A dupla Foottit e Chocolat são um marco para a história do circo, o filme tem enorme valor por resgatar a história de Chocolate, essa importante figura esquecida.
quinta-feira, 1 de dezembro de 2016
Um Deslize Perigoso (Dope)
"Dope" (2015) dirigido por Rick Famuyiwa (Confirmation - 2016) trata com bom humor os estereótipos vigentes, todos os clichês exibidos têm o propósito de reflexão mesmo com um tom de comédia, o filme apresenta questões importantes sobre a sociedade atual.
Malcolm é um nerd que leva a vida em um bairro violento em Los Angeles enquanto se desdobra nas admissões das faculdades, entrevistas acadêmicas e provas de conhecimento. Malcom recebe um convite para ir em uma festa underground que o leva em uma aventura, permitindo que ele se transforme de nerd à narcótico, para, finalmente, ser ele mesmo.

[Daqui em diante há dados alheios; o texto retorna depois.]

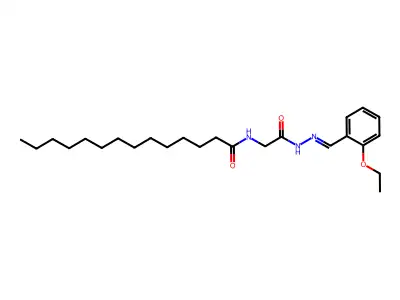 N-[2-[2-[(2-ethoxyphenyl)methylidene]hydrazinyl]-2-oxoethyl]tetradecanamide structure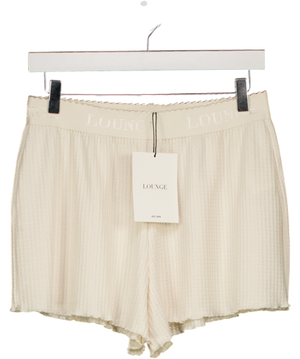 LOUNGE Cream Pointelle Lounge Shorts UK M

Malcolm é um nerd que leva a vida em um bairro violento em Los Angeles enquanto se desdobra nas admissões das faculdades, entrevistas acadêmicas e provas de conhecimento. Malcom recebe um convite para ir em uma festa underground que o leva em uma aventura, permitindo que ele se transforme de nerd à narcótico, para, finalmente, ser ele mesmo.
Toda a aura do filme faz referência aos anos 90, o visual dos personagens, as músicas, especialmente o rap americano, a aventura faz parte da narrativa e o trio de amigos passam por inúmeras situações negativas, mas tiram proveito e ganham experiência. Eles vivem em um local permeado pela violência e que parece não haver outro caminho a não ser as drogas, Malcom (Shameik Moore), Jib (Tony Revolori) e Diggy (Kiersey Clemons) são geeks e querem um futuro diferente, eles também tocam em uma banda que esporadicamente aparece na trama. A inadequação deles no meio em que vivem é gritante e tudo contribui para que percam o rumo. Quando o traficante do bairro, Dom (A$AP Rocky) os convida para uma festa, Malcom decide ir por causa de Nakia (Zöe Kravitz), namorada de Dom. Nesta festa acontece um tiroteio e no dia seguinte a mochila de Malcom está lotada de drogas. Com Dom preso, eles são perseguidos por traficantes rivais, enquanto isso um amigo os ajuda a vender a droga, e por coincidência o avaliador de faculdade de Malcom está metido nesta história também, o que o faz querer desfazer da droga vendendo pela internet pelo sistema de Bitcoin.
Leve e divertido, "Dope" não se aprofunda politicamente na trama, mas reflete o racismo atualmente e ainda quebra estereótipos, Malcom, por exemplo, apesar de viver em um ambiente pesado deseja ir para Harvard e fará com que isso se concretize.
O figurino é um charme e ajuda na descaracterização, a trilha sonora é outro ponto forte que traz ainda mais a sensação de nostalgia, conversa perfeitamente com as situações e confere originalidade, o filme tem tema atual mas tem espírito de anos 90, existem os clichês, mas são usados a favor e de forma inteligente, fazendo com que o espectador tenha a chance de refletir sobre os julgamentos que se faz somente pela aparência, local de origem, etc.
A linguagem moderna diz o essencial e desconstrói estereótipos. Comédia e crítica social se mescla agradavelmente.
O discurso final de Malcom - que quebra a quarta parede - é excepcional e um belo tapa na cara, exprime com exatidão e bom humor todo o pré-julgamento que as pessoas fazem com as outras. "Na minha vida, sempre me achei entre quem realmente sou... e como sou percebido, entre categorias e definição. Eu não me encaixo. E eu achava que isso era uma maldição, mas... agora começo a ver... talvez seja uma benção. Quando você não se encaixa, é forçado a ver o mundo de vários ângulos e pontos de vista. Ganha conhecimento, lições de vida de muita gente e lugares. E essas lições, para o bem ou para o mal, me moldaram. Então, quem sou eu?"